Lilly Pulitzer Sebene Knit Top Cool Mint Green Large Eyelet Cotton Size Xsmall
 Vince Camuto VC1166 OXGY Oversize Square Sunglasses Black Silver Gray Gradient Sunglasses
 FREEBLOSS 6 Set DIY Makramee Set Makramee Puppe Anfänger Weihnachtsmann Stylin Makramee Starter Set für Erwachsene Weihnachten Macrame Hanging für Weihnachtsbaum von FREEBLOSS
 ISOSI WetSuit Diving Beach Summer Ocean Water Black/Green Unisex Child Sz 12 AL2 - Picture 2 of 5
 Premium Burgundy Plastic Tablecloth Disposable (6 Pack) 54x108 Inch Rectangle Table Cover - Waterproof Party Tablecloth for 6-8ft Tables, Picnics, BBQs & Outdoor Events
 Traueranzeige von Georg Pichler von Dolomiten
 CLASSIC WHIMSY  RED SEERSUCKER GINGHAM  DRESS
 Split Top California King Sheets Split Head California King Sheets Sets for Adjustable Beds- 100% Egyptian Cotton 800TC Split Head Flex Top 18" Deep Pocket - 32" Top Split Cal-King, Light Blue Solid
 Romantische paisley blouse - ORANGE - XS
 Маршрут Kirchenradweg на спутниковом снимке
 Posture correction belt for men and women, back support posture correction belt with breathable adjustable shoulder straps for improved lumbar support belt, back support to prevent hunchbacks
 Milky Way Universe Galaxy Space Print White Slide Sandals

EXERCISE:
Each line from the one containing "Split Top California" through the end of the entries, both included, is to be returned exactly, with no other lines.

EXERCISE RESPONSE:
 Split Top California King Sheets Split Head California King Sheets Sets for Adjustable Beds- 100% Egyptian Cotton 800TC Split Head Flex Top 18" Deep Pocket - 32" Top Split Cal-King, Light Blue Solid
 Romantische paisley blouse - ORANGE - XS
 Маршрут Kirchenradweg на спутниковом снимке
 Posture correction belt for men and women, back support posture correction belt with breathable adjustable shoulder straps for improved lumbar support belt, back support to prevent hunchbacks
 Milky Way Universe Galaxy Space Print White Slide Sandals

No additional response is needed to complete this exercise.